Coraz częściej mówi się, że najnowsze smartfony są już tak wydajne jak komputery. Ciągle jednak postrzegane są jako telefony – z dużymi możliwościami, ale ciągle służące głównie do dzwonienia. Zadania związane z pracą wciąż wykonuje się na komputerach stacjonarnych i laptopach. Po premierze Windows 10 może się to stopniowo zacząć zmieniać. Microsoft wprowadził w „dziesiątce” funkcję Continuum, dzięki której smartfon będzie mógł przemieniać się w pełnoprawny komputer, gdy zostanie podłączony do zewnętrznego monitora.
Microsoft udostępnił programistom wygodne narzędzia do tworzenia oprogramowania na Windows 10 – najnowsze aplikacje praktycznie beż żadnych zmian będą działać na komputerach, tabletach, smartfonach, a nawet konsoli Xbox One. Będą automatycznie dostosowywać się do rozmiarów ekranu, na którym są wyświetlane. To dlatego Microsoft określa nowe aplikacje mianem „uniwersalnych”.
Gigant z Redmond, prezentując Continuum, tłumaczył, że jest to element nowej firmowej wizji, wg której to telefony będą głównym narzędziem pracy każdego człowieka i w każdej chwili będą mogły przemienić się w pełnoprawny komputer. Podobnie działa obecnie funkcja Continuity w systemie Apple, ona jednak pozwala tylko na kontynuowanie pracy rozpoczętej na jednym urządzeniu (np. iPhonie) na drugim (np. MacBooku Air). Microsoft za sprawą Continuum chce sprawić, że smartfon będzie głównym urządzeniem, które będzie jedynie „dostosowywać się do kontekstu” – np. po podłączeniu do monitora zacznie działać jak laptop. Na tegorocznej konferencji jeden z przedstawicieli Microsoftu, Joe Belfiore, podłączył smartfona z Windows 10 do monitora, klawiatury i myszy, i po chwili interfejs systemu zmienił się na taki, który dostosowany jest do obsługi za pomocą myszy. Zamiast tworzyć prezentację w PowerPoincie na 5-calowym ekranie smartfona, możesz podłączyć go przez HDMI do monitora i stworzyć prezentację na „komputerze”.
Aby telefony mogły korzystać z Continuum, potrzebne są nowe komponenty sprzętowe pozwalające na pracę wielomonitorową. Nowa funkcja Windows 10 będzie jednym z argumentów zachęcających do zmiany smartfona na nowszy model.
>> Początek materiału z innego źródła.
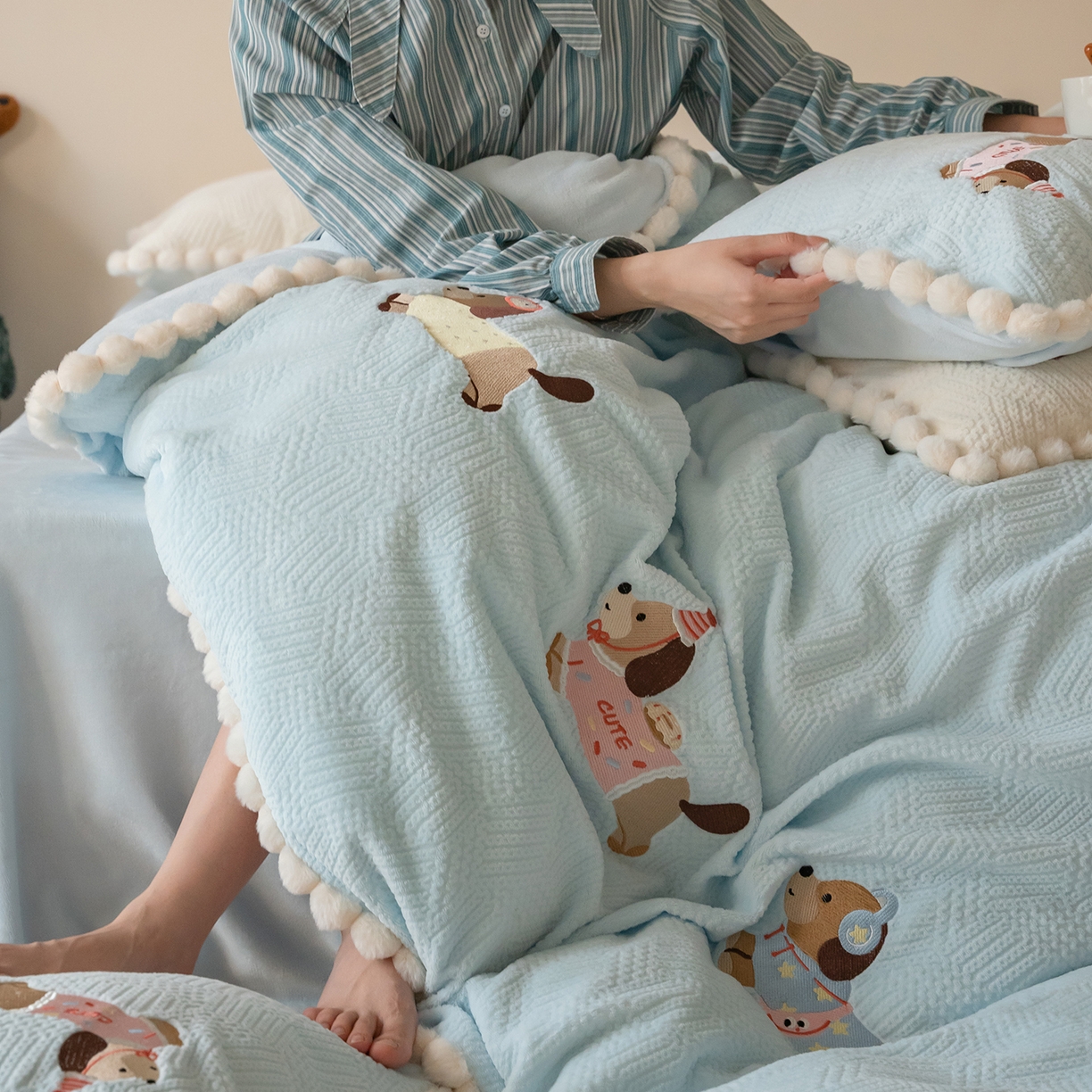 91家纺网 家纺一手货源 找家纺 圆岛家纺 2025新款针织肌理纹雕花立体牛奶绒刺绣四件套 腊肠小队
Redakcja PC Formatu testowała działanie Windowsa 10 i trybu Continuum na hybrydowym laptopie Lenovo Helix.
Linux był pierwszy
Funkcja Continuum z Windows 10 może być świetnym rozwiązaniem i sprawić, że urządzenia mobilne zyskają w końcu status pełnoprawnych komputerów, natomiast pecety przejdą na dalszy plan, stając się urządzeniami „uzupełniającymi”, nie zaś „głównymi”. Nieżyjący już Steve Jobs, współzałożyciel Apple, zwykł mawiać, że komputery będą w przyszłości jak ciężarówki – choć ciągle będzie na nie zapotrzebowanie, większość osób zadowoli się samochodami osobowymi (sprzętem mobilnym).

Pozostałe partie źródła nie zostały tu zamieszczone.